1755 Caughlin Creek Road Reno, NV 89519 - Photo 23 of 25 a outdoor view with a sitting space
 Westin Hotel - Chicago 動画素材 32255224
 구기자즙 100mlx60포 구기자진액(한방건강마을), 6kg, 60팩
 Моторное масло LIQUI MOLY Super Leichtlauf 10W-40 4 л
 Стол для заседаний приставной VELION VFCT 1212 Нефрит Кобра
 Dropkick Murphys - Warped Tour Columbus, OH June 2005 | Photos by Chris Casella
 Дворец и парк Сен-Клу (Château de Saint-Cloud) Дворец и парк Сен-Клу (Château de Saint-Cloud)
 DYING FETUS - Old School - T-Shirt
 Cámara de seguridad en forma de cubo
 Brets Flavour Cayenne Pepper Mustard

***

Task statement: An exact copy of every entry is what's needed, so retype them all.

Answer space:
1755 Caughlin Creek Road Reno, NV 89519 - Photo 23 of 25 a outdoor view with a sitting space
 Westin Hotel - Chicago 動画素材 32255224
 구기자즙 100mlx60포 구기자진액(한방건강마을), 6kg, 60팩
 Моторное масло LIQUI MOLY Super Leichtlauf 10W-40 4 л
 Стол для заседаний приставной VELION VFCT 1212 Нефрит Кобра
 Dropkick Murphys - Warped Tour Columbus, OH June 2005 | Photos by Chris Casella
 Дворец и парк Сен-Клу (Château de Saint-Cloud) Дворец и парк Сен-Клу (Château de Saint-Cloud)
 DYING FETUS - Old School - T-Shirt
 Cámara de seguridad en forma de cubo
 Brets Flavour Cayenne Pepper Mustard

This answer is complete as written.